Özelleştirmeye objektif bakmalıyız
Erdal Sağlam, dün “Özelleştirme düşmanlığına dikkat ” diye yazmış...
3,5 milyar dolarlık Seydişehir Alüminyum tesisleri, 305 milyon dolara satıldığı için bir CHP milletvekili Danıştay’a dava açmış. Danıştay da Milletvekilini haklı bulmuş.
Alüminyum fabrikasını satın alan buraya yeni yatırım yapmış olabilir... Devletten daha da iyi işletebilir... Ki doğrudur. Ancak bunlar açık ve şeffaf ihale yöntemi ile de yapılsa, milletin malının ucuza satılması için bir gerekçe değildir.
Özelleştirme idaresi eğer değerini bulmadıysa bu ihaleyi iptal edip, erteleyebilirdi. Alternatif satış yöntemlerini ve özellikle özelleştirme felsefesine en uygun olan şekliyle, hisselerin halka satılması yollarını devreye sokabilirdi. Eğer 3.5 milyar değerinde olan bir işletme, onda bir fiyatına satılmış ise ve bu nedenle Danıştay bozmuş ise lafı dolandırmanın bir anlamı kalmaz.
Erdal Sağlam’ın teşhisi ile yapılan 200 milyon dolarlık yatırım özelleştirme değeri olan 305 milyon dolara eklenerek bu işletmeyi toplam 505 milyon dolara devlet geri alır. Bu günkü değeri 10 milyar doları geçiyorsa, demek ki, CHP milletvekili haklı... Ancak devletin bu parayı vermesi beklenemez.

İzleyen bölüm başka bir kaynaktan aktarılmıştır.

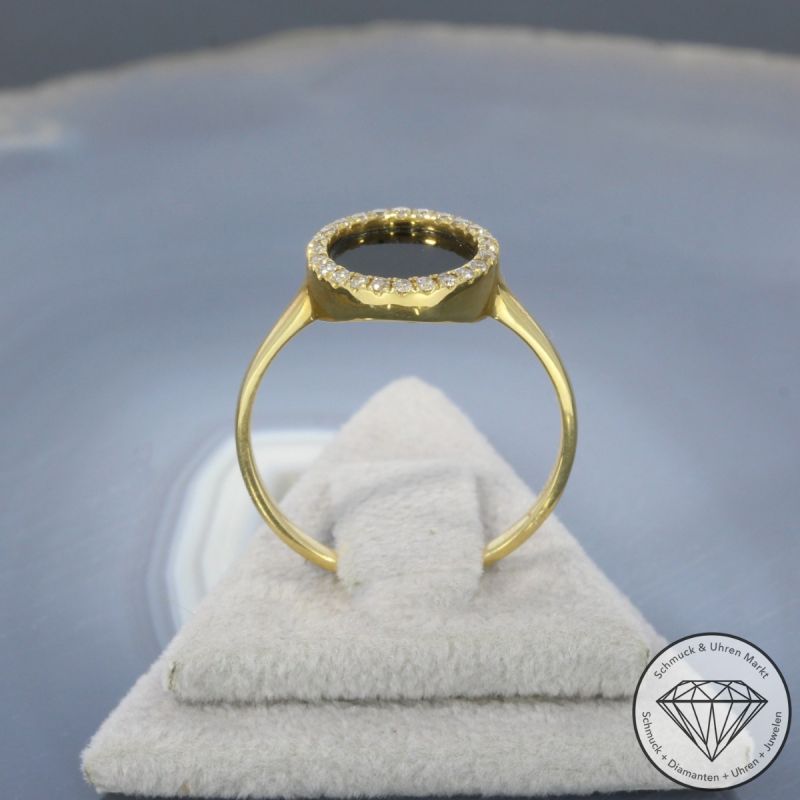 Wert 1650 € Brillant Onyx Ring 750er/18 Karat Gelb Gold Größe 55 – 99462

Milletvekili, milletin menfaatlerini gözetmek için Meclistedir. Meclisin yasa çıkarma yanında denetin görevi de vardır. Eğer milletvekili bu görevini yapmış ise kendisi özelleştirme düşmanlığı değil, görevini yapmıştır.

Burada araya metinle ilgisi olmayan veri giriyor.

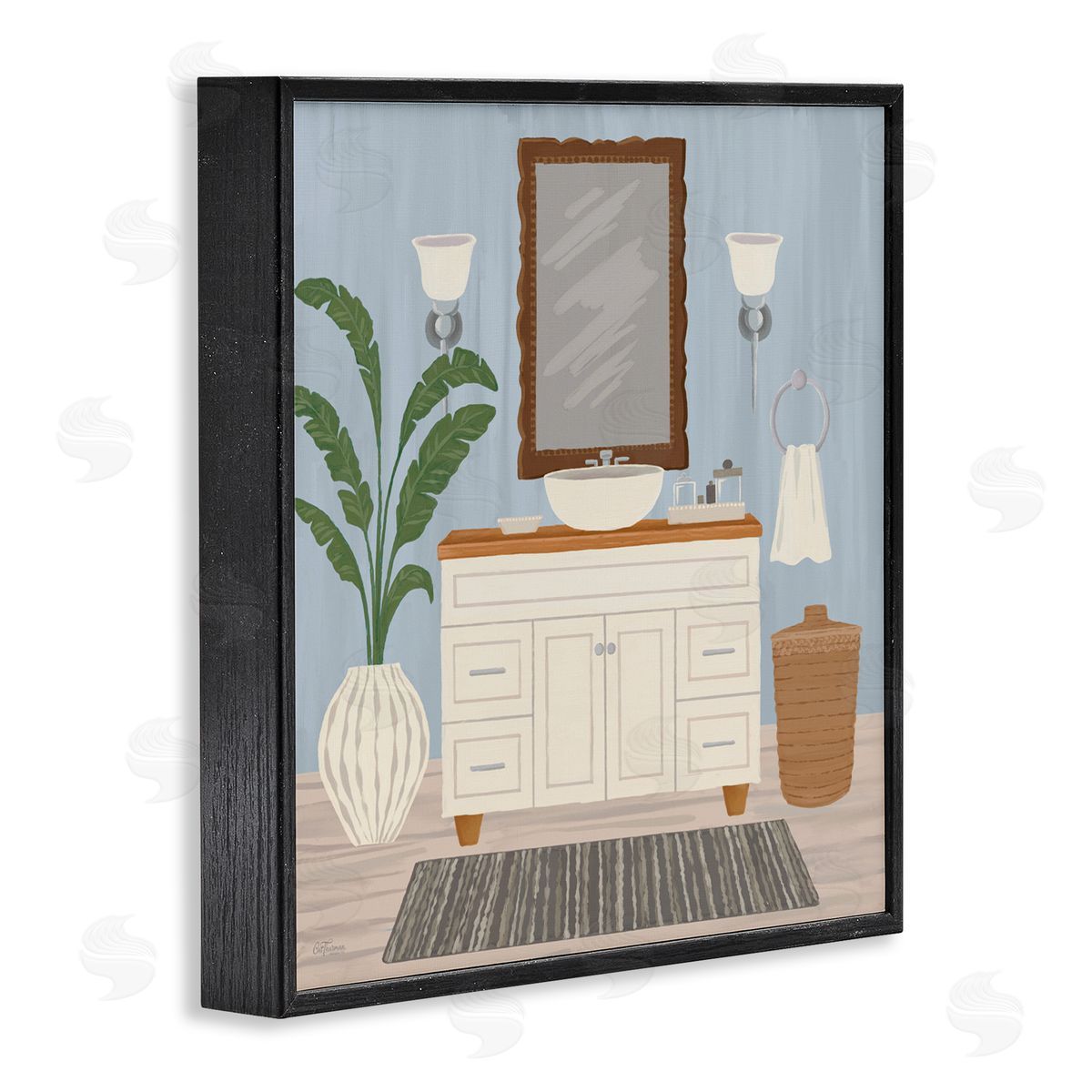 Cat Thurman Designs Unwind and Refresh Bath Sink Black Framed Giclee Wall Art Print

Sabah bir radyo kanalında, çevre kirlenmesine çözüm olarak, şehir içinde jep kullanmayı cinayet olarak tarif ediyor. Toplu taşıma araçlarını tercih edin diyor.
Aklına, uzun vadeli olarak çevre kirliliğini önlemek için otomotiv de elektriğe geçilmesi, güneş enerjisine geçilmesi gibi kesin çözümler gelmiyor.

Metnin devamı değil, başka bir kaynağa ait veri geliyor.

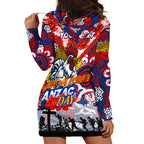 Personalised Roosters ANZAC Day Hoodie Dress Aboriginal Rising Sun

Özelleştirme Türkiye de bir slogan haline geldi. Oysa ki özelleştirme bir etkinlik sorunudur. Öncelikle sosyal fayda ve sosyal maliyet açısından değerlendirmek gerekir.
Bir işletme devlette zarar ediyor olabilir. Ancak özel ve sosyal faydadan oluşan toplam faydası, özel sektörde olacağından daha fazla ise özelleştirilmesi fayda kaybı olacaktır.
Örneğin, Et-Balık Kurumu, eti üreticiden gerçek fiyatı ile alıyordu. Üzerine fahiş kar koymadan tüketiciye satıyordu. Tüketici ve üretici kazanıyordu. Bu gibi piyasa düzenlemeleri, hem gıda piyasasında kartelleşmeyi ve spekülatif faaliyetleri önler. Hem de halkın yararına olur.
Bir örnek daha vereyim...
Dalaman - Göcek arasında 900 metrelik tünel yap-işlet-devret modeli ile verildi. Yolu kısalttı... Akaryakıt tüketimini azalttı. Zaman tasarrufu sağladı. Yapan işletmeciye de kar sağladı. Bu tür yap-işlet-devret modeline kimse itiraz etmez. Ancak, gelir getiren köprü ve paralı yolların özelleştirilmesi iktisadi açıdan rasyonel değildir.
Çünkü köprüler ve paralı yollar sürekli gelir getiren bir işletmedir. Eğer biz bunların gelirini özelleştirirsek:
Gelecek yıllardaki gelirleri bu günden kullanmış olacağız.
Özel sektör bu gelirlerin bugünkü değerini hesaplarken, ayrıca kar koymak zorundadır. Yani iskonto değeri faiz oranının üstünde olacaktır. Bu şartlarda devlet gelirini satmak yerine, borçlansa, maliyeti daha düşük olacaktır.
Kaldı ki, bu yolların bakım ve onarımında özel sektör tasarrufa gidecek, devlet geri aldığında daha fazla masraf yapacaktır.
Özelleştirmeye kimse karşı değil... Ancak hepimizin görevi özelleştirmenin İktidarların elinde kayırma aracı olmasını önlemektir.